Out of 22 patients with acromegaly treated with SSA and/or CAB in 2011–2015, seven patients (all women, mean age at diagnosis 48 years, range 29–63 years) had discordant normal GH and elevated IGF1 levels (31.8%). One patient had also a transient increased GHr with normal IGF1 during follow-up. All had macroadenomas, 42% were obese, 42% overweight. One patient had diabetes mellitus and four had impaired fasting glucose. Six patients were treated with SSA (two also+CAB), one only with CAB, five had previous pituitary surgery, and two had also radiotherapy. The patients had a mean number of 6.7 evaluations of IGF1 and GH (4–8) during a mean follow-up of 34.5 months (25–42). Mean elevated IGF1 was 1.43×upper limit of normal (1.08–1.83).
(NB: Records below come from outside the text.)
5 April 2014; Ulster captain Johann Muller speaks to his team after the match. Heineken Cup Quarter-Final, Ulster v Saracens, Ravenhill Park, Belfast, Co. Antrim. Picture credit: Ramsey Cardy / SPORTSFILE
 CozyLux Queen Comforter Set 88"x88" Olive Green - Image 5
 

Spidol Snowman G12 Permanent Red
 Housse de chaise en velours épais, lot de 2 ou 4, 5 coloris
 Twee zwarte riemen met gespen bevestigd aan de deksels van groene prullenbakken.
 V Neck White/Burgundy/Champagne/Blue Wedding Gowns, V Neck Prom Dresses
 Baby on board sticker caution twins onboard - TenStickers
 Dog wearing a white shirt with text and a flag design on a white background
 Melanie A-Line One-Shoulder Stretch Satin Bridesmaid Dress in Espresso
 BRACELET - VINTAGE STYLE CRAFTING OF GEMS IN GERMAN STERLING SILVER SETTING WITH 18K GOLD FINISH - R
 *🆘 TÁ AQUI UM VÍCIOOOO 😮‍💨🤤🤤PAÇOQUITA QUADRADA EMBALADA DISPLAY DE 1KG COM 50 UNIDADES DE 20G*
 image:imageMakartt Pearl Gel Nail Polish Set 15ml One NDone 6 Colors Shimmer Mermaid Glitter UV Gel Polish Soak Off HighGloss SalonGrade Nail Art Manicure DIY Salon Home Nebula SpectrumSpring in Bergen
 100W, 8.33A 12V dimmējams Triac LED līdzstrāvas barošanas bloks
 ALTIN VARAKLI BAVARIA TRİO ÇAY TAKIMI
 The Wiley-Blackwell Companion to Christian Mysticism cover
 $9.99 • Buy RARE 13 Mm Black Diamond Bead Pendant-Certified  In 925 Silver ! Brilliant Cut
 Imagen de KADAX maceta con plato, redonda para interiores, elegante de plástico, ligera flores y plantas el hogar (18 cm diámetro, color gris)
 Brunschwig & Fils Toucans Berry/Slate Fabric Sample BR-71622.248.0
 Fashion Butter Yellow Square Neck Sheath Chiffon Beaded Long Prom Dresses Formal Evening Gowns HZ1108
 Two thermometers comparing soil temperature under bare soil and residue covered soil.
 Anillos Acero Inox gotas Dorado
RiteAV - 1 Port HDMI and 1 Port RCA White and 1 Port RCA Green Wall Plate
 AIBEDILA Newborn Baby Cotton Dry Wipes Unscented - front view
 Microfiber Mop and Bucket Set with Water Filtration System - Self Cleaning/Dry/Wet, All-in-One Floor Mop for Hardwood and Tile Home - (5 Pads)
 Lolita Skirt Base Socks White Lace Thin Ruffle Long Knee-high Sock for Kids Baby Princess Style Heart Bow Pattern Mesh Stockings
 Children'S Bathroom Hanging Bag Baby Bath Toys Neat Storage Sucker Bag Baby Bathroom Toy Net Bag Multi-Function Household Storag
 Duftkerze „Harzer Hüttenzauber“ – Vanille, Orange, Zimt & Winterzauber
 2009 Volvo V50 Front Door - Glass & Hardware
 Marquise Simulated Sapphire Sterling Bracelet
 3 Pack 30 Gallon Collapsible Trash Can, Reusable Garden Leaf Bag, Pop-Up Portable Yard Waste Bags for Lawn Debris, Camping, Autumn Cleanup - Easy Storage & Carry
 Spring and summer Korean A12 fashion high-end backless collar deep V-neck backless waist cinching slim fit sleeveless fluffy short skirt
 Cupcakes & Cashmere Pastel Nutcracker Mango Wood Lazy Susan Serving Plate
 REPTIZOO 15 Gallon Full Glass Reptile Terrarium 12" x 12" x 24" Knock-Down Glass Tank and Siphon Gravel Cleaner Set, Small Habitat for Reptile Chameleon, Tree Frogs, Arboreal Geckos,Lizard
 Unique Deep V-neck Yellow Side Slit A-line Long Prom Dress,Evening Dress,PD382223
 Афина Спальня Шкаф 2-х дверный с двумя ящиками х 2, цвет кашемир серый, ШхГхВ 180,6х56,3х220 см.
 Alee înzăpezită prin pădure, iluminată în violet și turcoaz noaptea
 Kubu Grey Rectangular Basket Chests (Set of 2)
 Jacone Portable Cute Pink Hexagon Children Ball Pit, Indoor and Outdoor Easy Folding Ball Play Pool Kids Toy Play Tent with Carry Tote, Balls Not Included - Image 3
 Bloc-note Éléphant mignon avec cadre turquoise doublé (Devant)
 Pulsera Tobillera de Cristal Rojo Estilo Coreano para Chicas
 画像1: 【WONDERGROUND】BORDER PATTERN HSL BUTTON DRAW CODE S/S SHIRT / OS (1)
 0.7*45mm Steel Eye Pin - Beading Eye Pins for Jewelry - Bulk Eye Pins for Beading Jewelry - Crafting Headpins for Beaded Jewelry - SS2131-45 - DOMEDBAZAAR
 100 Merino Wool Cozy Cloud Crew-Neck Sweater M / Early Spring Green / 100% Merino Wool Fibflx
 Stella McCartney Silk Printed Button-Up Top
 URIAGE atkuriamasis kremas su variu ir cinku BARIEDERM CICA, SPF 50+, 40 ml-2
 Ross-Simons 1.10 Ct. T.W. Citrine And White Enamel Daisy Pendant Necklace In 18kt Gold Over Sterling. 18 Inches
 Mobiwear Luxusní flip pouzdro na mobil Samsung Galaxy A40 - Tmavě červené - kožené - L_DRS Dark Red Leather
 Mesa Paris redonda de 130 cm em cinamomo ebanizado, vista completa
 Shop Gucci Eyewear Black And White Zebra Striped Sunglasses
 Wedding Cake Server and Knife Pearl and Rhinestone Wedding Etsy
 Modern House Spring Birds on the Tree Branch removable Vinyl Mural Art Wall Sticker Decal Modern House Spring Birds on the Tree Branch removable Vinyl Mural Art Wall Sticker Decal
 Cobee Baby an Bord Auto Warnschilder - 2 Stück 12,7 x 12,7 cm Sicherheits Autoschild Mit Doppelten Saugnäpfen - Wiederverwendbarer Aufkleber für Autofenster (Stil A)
A SSA dosage increase and/or CAB addition in six patients normalized both GH and IGF1 in three patients (50%), one patient was not controlled on both GH and IGF1 and in two patients the discordance persisted. In one of these latter patients the tumor had a >50% decrease in size; in all the others the tumors had no or up to 25% shrinkage. No significant alterations of glycemia or blood pressure have been recorded.

Conclusion: Management of acromegalic patients with discordant GH–IGF1 values needs to be individualized. Long-term studies on morbidity and mortality in these patients are needed.